The following tables present the balance in the allowance for loan and lease losses and the recorded investment in loans and leases based on portfolio segment and impairment method as of June 30, 2021 and December 31, 2020:
June 30, 2021
Commercial
Mortgage (1)
Commercial
and
Industrial
Residential
Mortgage (2)
Leases Consumer Total
Allowance for loan and lease losses:
Individually evaluated for impairment $ 900  $ 52  $ —  $ —  $ —  $ 952 
Collectively evaluated for impairment 8,017  930  291  1,013  228  10,479 
Balance, June 30 $ 8,917  $ 982  $ 291  $ 1,013  $ 228  $ 11,431 
Loans and leases:
Individually evaluated for impairment $ 5,704  $ 424  $ 177  $ —  $ —  $ 6,305 
Collectively evaluated for impairment 466,337  94,604  91,533  121,006  18,945  792,425 
Ending Balance, June 30 $ 472,041  $ 95,028  $ 91,710  $ 121,006  $ 18,945  $ 798,730 
(1)Commercial mortgage includes commercial and multifamily real estate loans and commercial construction and development loans.
(2)Residential mortgage includes one- to four-family and home equity loans and residential construction and development loans.

December 31, 2020
Commercial
Mortgage (1)
Commercial
and
Industrial
Residential
Mortgage (2)
Leases Consumer Total
Allowance for loan and lease losses:
Individually evaluated for impairment $ 150  $ 52  $ —  $ —  $ —  $ 202 
Collectively evaluated for impairment 7,647  1,196  270  1,054  217  10,384 
Balance, December 31 $ 7,797  $ 1,248  $ 270  $ 1,054  $ 217  $ 10,586 
Loans and leases:
Individually evaluated for impairment $ 701  $ 493  $ 269  $ —  $ —  $ 1,463 
Collectively evaluated for impairment 404,278  106,794  99,393  117,171  17,249  744,885 
Ending Balance, December 31 $ 404,979  $ 107,287  $ 99,662  $ 117,171  $ 17,249  $ 746,348 
(1)Commercial mortgage includes commercial and multifamily real estate loans and commercial construction and development loans.
(2)Residential mortgage includes one- to four-family and home equity loans and residential construction and development loans.

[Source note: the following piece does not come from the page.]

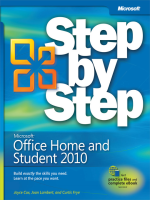 Microsoft_Office_Home___Student_2010_Step_by_Step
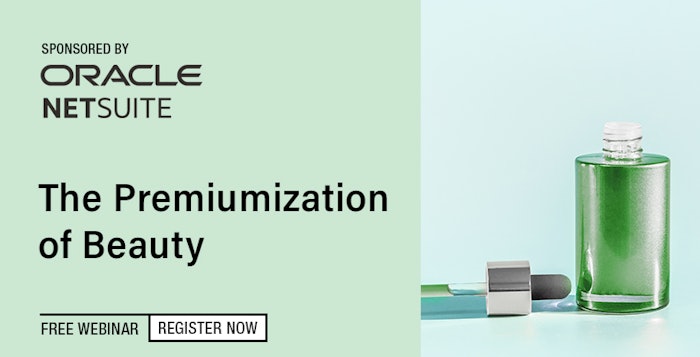 Netsuite Webinar 102722 850x425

The Company rates all loans and leases by credit quality using the following designations:
Grade 1 – Exceptional
Exceptional loans and leases are top-quality loans to individuals whose financial credentials are well known to the Company.  These loans and leases have excellent sources of repayment, are well documented and/or virtually free of risk (i.e., CD secured loans).
Grade 2 – Quality Loans and Leases
These loans and leases have excellent sources of repayment with no identifiable risk of collection, and they conform in all respects to Company policy and Indiana Department of Financial Institutions (“IDFI”) and Federal Deposit Insurance Corporation (“FDIC”) regulations.  Documentation exceptions are minimal or are in the process of being corrected and are not of a type that could subsequently expose the Company to risk of loss.

14


Grade 3 – Acceptable Loans
This category is for “average” quality loans and leases.  These loans and leases have adequate sources of repayment with little identifiable risk of collection and they conform to Company policy and IDFI/FDIC regulations.
Grade 4 – Acceptable but Monitored
Loans and leases in this category may have a greater than average risk due to financial weakness or uncertainty but do not appear to require classification as special mention or substandard loans.  Loans and leases rated “4” need to be monitored on a regular basis to ascertain that the reasons for placing them in this category do not advance or worsen.
Grade 5 – Special Mention
Loans and leases in this category have potential weaknesses that deserve management’s close attention.  If left uncorrected, these potential weaknesses may result in deterioration of the repayment prospects for the loan or lease or in the Company’s credit position at some future date.  Special Mention loans and leases are not adversely classified and do not expose the Company to sufficient risk to warrant adverse classification.  This special mention rating is designed to identify a specific level of risk and concern about an asset’s quality.  Although a special mention loan or leases has a higher probability of default than a pass rated loan or lease, its default is not imminent.
Grade 6 – Substandard
Loans and leases in this category are inadequately protected by the current net worth and paying capacity of the obligor or of the collateral pledged, if any.  Loans and leases so classified must have a well-defined weakness, or weaknesses, that jeopardize the liquidation of the debt.  They are characterized by the distinct possibility that the Company will sustain some loss if the deficiencies are not corrected.
Substandard loans and leases have a high probability of payment default, or they have other well-defined weaknesses.  Such loans and leases have a distinct potential for loss; however, an individual loan’s or lease’s potential for loss does not have to be distinct for the loan or lease to be rated substandard.
The following are examples of situations that might cause a loan or lease to be graded a “6”:
Cash flow deficiencies (losses) jeopardize future loan or lease payments.
Sale of non-collateral assets has become a primary source of loan or lease repayment.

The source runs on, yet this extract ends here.